Journal article recommender

05 Mar 2016

Introduction

I like to keep up on the the current academic literature, but there are so many papers published each week it’s hard to even find the relevant papers to read. I created a tool so a computer can do the searching for me.

Previously there were two main ways to stay up to date: alerts or RSS feeds. RSS feeds give you all the recent articles from a particular publisher, but you have to sort through them manually to find relevant articles. Alerts are more specific and have the advantage that they automatically notify you when a paper either has a particular keyword or citation. Unfortunately with a small set of keywords you are likely to create an alert that is much too broad (e.g. ‘graphene’) or too specific (‘Dyakonov waves’).

What would really be nice is an alert system that has a more holistic view of what you’re interested in. Something that knows the papers you have been interested in in the past so it can predict new articles you’d like to read. Before I started this project I was pretty excited about the ReadCube citation manager. One of its promised features was personalized recommendations based on your library of read papers. Perfect! …Until I found out that the feature had been “coming soon” for over a year.¹

I decided to implement such a personalized recommender myself. It would rank new articles based on how similar they are to articles I have already read.

Model

As a first pass I decided to use bag of words to represent articles and cosine similarity to rank the article “word bags”.

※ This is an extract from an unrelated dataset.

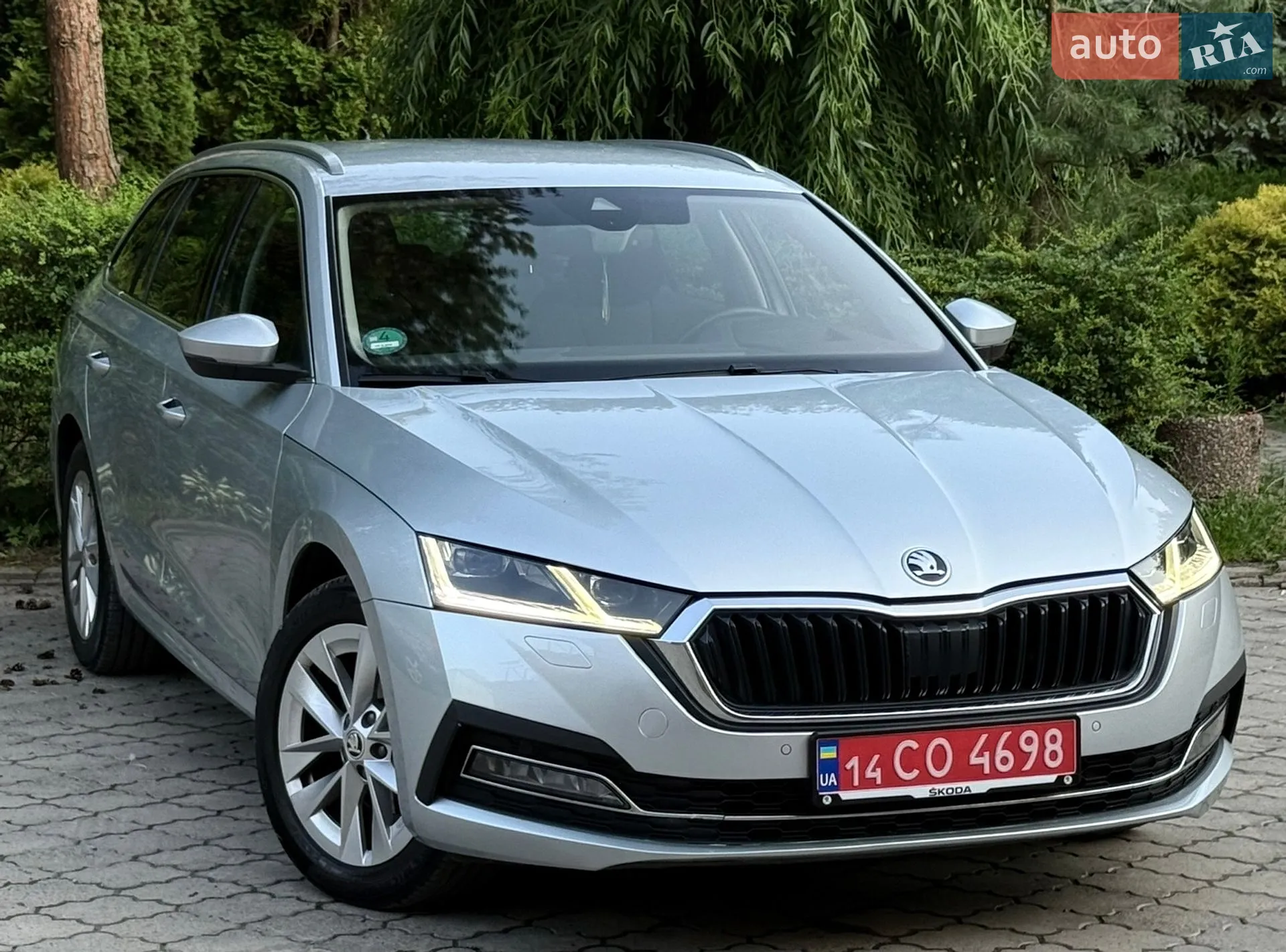 2021 Skoda Octavia - фото 1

Bag of words takes a text corpus and turns it into a vector of numbers which is much easier to compare than the raw text. In a bag of words vector, each element of the vector corresponds to a word and the value of the element corresponds to the number of times that the word appears in the corpus.

bag_of_words

Since only the number of times each word appears is counted, but not the position of the word nor its relationship to other words, you basically represent a text as just a grab bag of words. Because of this it’s simple, fast, easy to implement, and easy to understand. But it can be overly simple since it ignores the structure that the words are in and multiple variations of the same word (‘aluminum’ and ‘aluminium’) are treated as different words.

In practice vectors need to have a finite number of dimensions so we choose to only have the n most common words in the training corpus make up our vectors (in my case n = 1000). Importantly only these words will be counted in new articles so we have a fixed basis.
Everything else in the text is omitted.